_What needs to be done_. Please transcribe the listing that follows exactly; images are to be excluded.
Segment Start: Dataset content
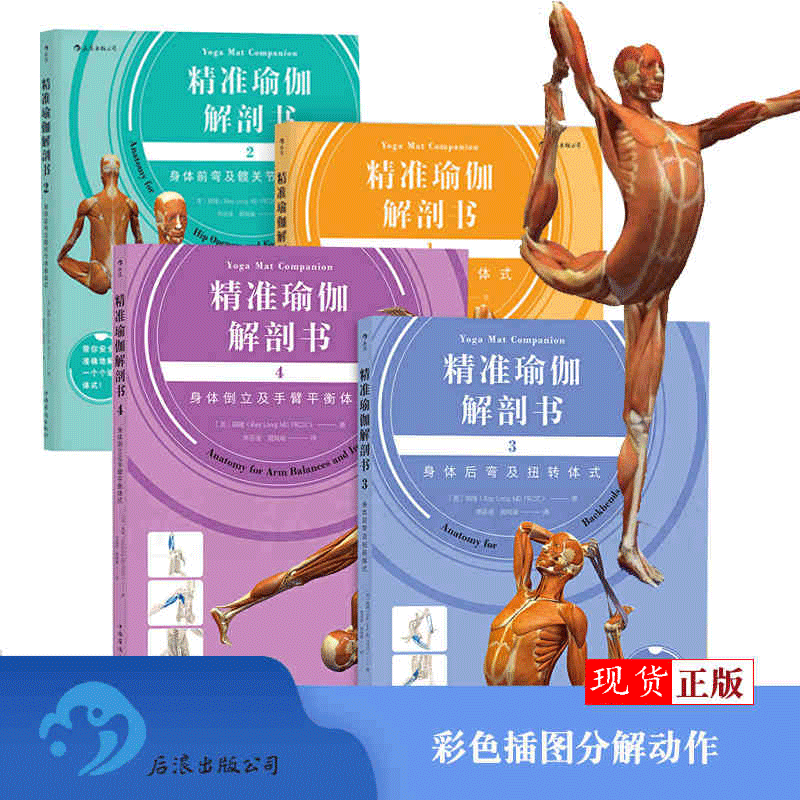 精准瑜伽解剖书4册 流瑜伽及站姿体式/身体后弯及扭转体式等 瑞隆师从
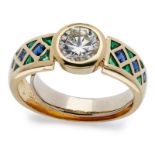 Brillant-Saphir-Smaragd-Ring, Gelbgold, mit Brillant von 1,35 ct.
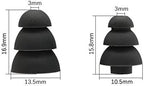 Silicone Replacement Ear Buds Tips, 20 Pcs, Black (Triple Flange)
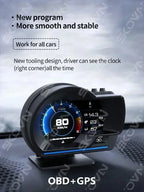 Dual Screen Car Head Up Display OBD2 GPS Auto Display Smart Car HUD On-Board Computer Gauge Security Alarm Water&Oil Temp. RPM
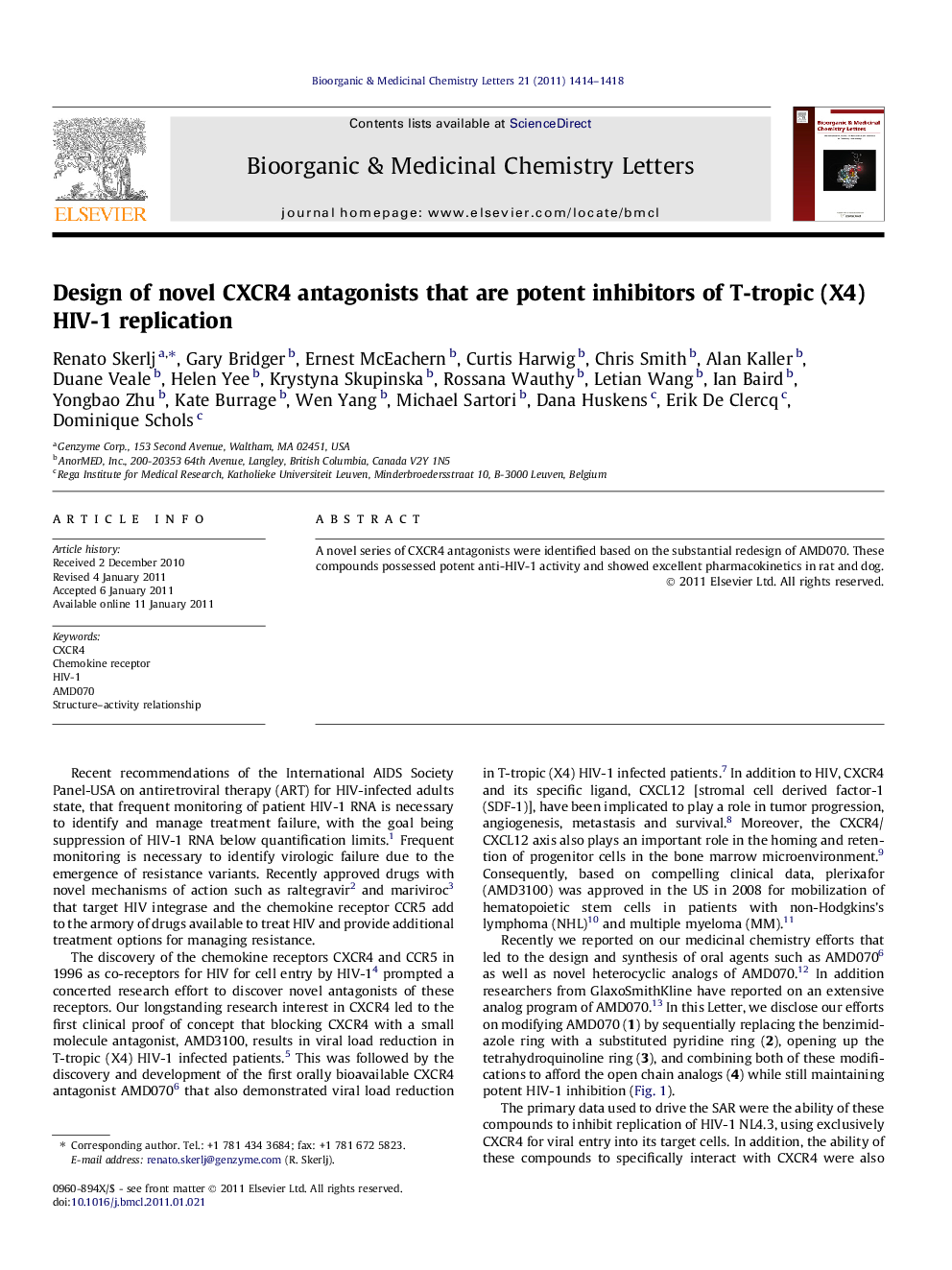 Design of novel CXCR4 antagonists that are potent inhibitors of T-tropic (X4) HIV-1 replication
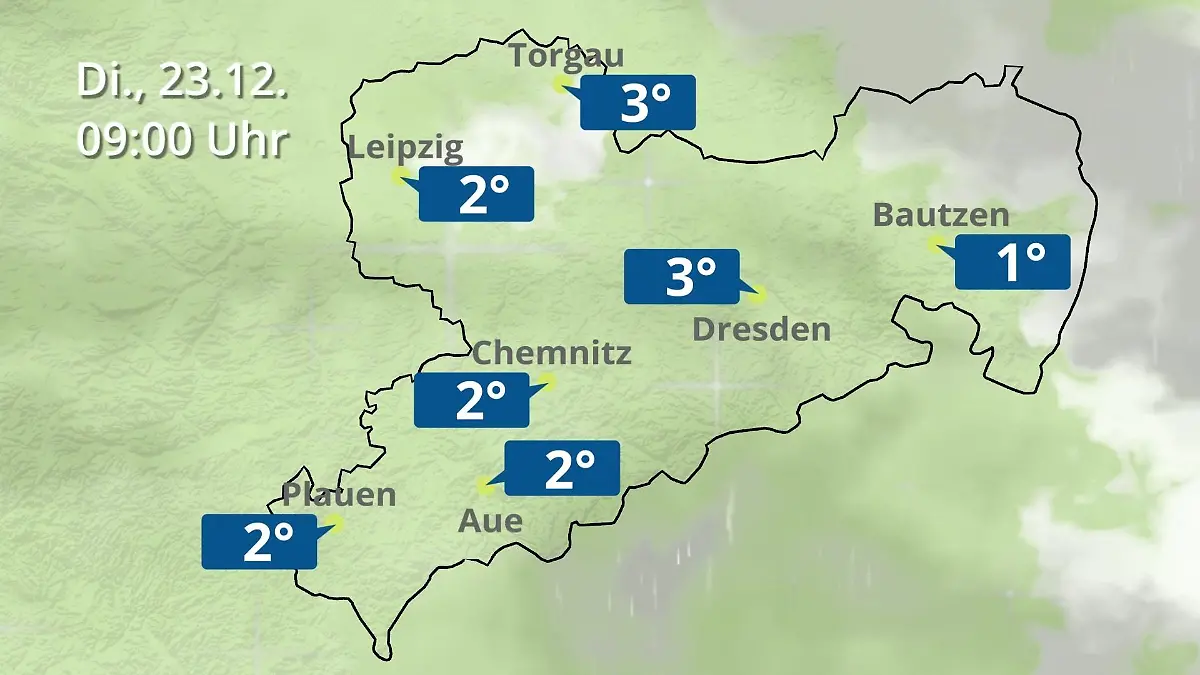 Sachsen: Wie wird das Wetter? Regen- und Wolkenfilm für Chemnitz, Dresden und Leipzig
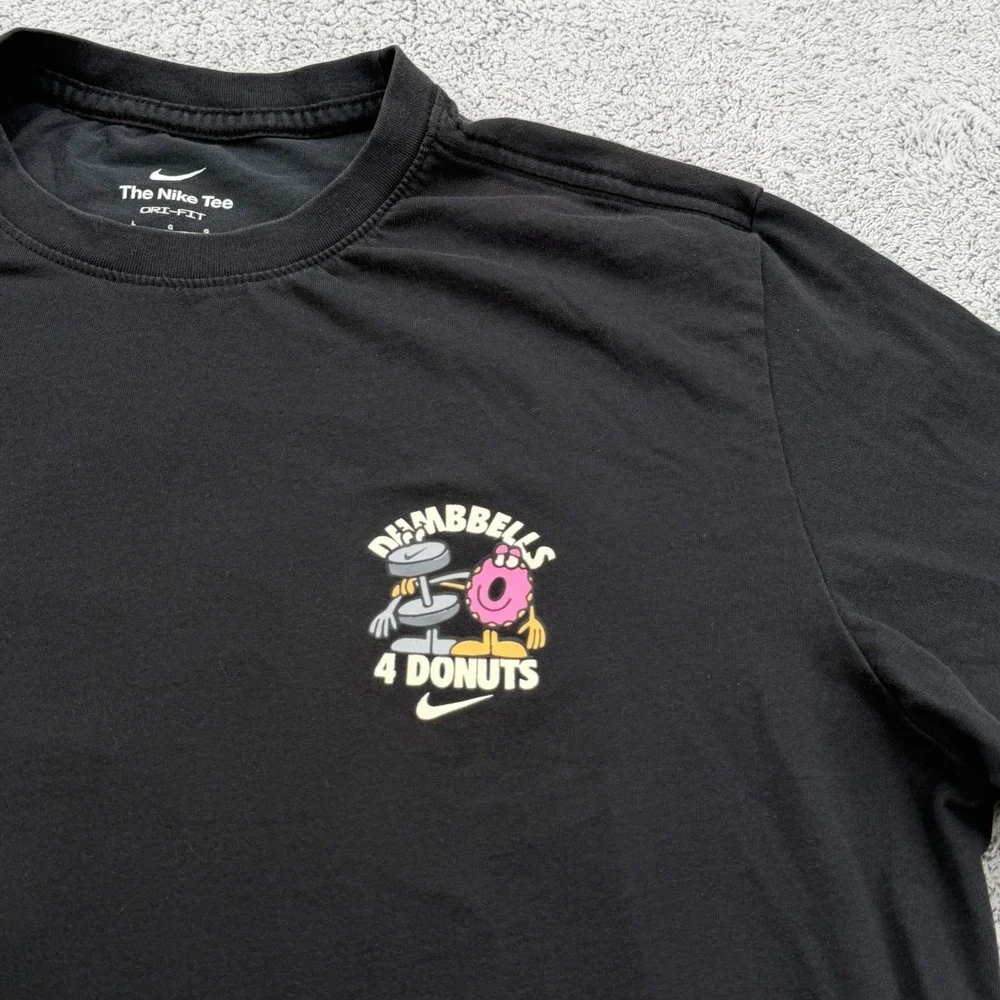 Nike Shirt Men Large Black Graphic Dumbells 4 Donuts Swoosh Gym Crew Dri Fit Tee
Segment End: Dataset content
_Task output_.
 精准瑜伽解剖书4册 流瑜伽及站姿体式/身体后弯及扭转体式等 瑞隆师从
 Brillant-Saphir-Smaragd-Ring, Gelbgold, mit Brillant von 1,35 ct.
 Silicone Replacement Ear Buds Tips, 20 Pcs, Black (Triple Flange)
 Dual Screen Car Head Up Display OBD2 GPS Auto Display Smart Car HUD On-Board Computer Gauge Security Alarm Water&Oil Temp. RPM
 Design of novel CXCR4 antagonists that are potent inhibitors of T-tropic (X4) HIV-1 replication
 Sachsen: Wie wird das Wetter? Regen- und Wolkenfilm für Chemnitz, Dresden und Leipzig
 Nike Shirt Men Large Black Graphic Dumbells 4 Donuts Swoosh Gym Crew Dri Fit Tee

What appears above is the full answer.